__The task__
Which lines below fall between the one containing "фото №2, Двері" and the one containing "REGULADOR ALTERNADOR FORD"? Repeat them exactly, counting both of those lines, and add nothing else.

__Provided records__
══════════════════════════════

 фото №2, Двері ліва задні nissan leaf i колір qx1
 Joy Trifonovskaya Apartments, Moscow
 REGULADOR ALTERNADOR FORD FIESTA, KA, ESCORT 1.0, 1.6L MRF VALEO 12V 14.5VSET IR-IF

══════════════════════════════

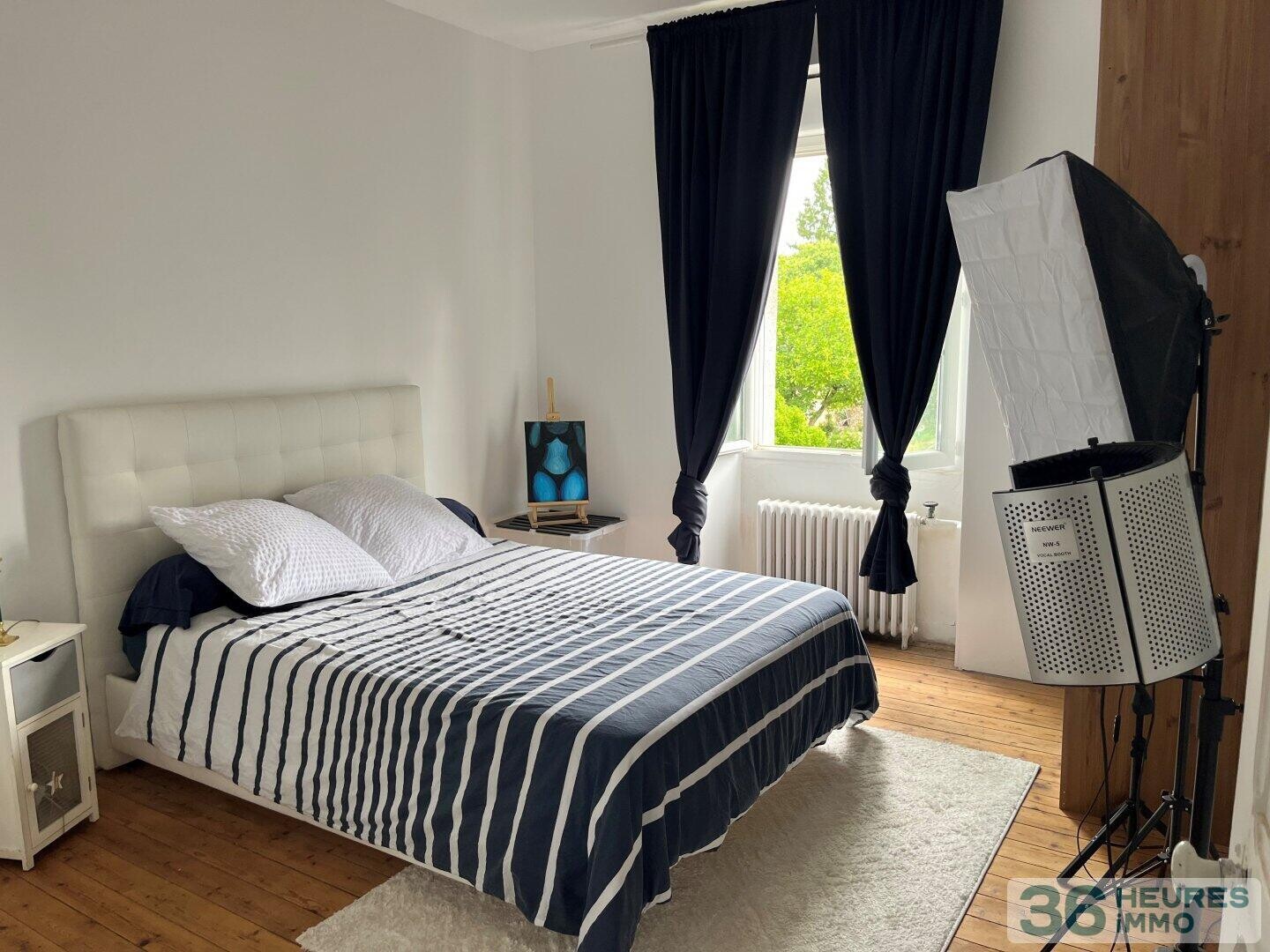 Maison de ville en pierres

══════════════════════════════

__Solution__
 фото №2, Двері ліва задні nissan leaf i колір qx1
 Joy Trifonovskaya Apartments, Moscow
 REGULADOR ALTERNADOR FORD FIESTA, KA, ESCORT 1.0, 1.6L MRF VALEO 12V 14.5VSET IR-IF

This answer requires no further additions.